Misconception about volts and watts. If you're pushing 11 watts, that means that you're putting out 5 volts. Kinda complicated, but 11 watts won't always be 5 volts. 11 watts may turn out to be only 4.3 volts depending on the resistance of your coil. Anyways...
Micro coils won't necessarily help you with your heating problems, but you should REALLY be looking at the over all resistance of your set up. Wrap each coil to 3.0 ohms so that when you set it up, you'll be at 1.5 ohms. Or really, anything under 2.0 ohms and you'll be golden (2.2 ohms with a dual micro coil set up works wonders). I can't really say how many wraps that'll take with 30g kanthal, I use 32g for standard wrap coils and 20/28 for micro (sub ohm on mechs but I can't run sub ohm on my evic, but the 20g with a 12 wrap micro coil wrapped around a 14g syringe clocks in at about 1.8 ohms in and of itself, don't really remember what the 28g works out to, haven't used it in a while). I know for a 32g micro coil, 8 wraps puts me at about 2.6 ohms. Just tinker around with the micro coils a little more, until you make a 3.0-3.4 ohm coil. And then make another. Just try to keep each coil at the same resistance (doesn't make THAT much of a difference if you're only .1 ohm off on a coil), and you should have yourself a 1.5 ohm ish dual coil set up.
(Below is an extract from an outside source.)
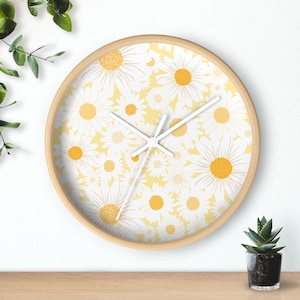 May include: A round wall clock with a light wood frame. The clock face features a pattern of white daisies with yellow centers on a pale yellow background. White clock hands indicate the time. The clock is on a wooden surface.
And after you do that, let us know if it's working better for you.
--EDIT--
Just to kind of give you a heads up of what's going on, if you're overall resistance is 2.6 ohms on a dual coil, that means each individual coil is about 5.2 ohms. And each 5.2 ohm coil is only getting 2.5 volts. Whereas if you wrap a dual coil at 1.5 ohms, you have 2.5 volts going to each 3.0 ohm coil.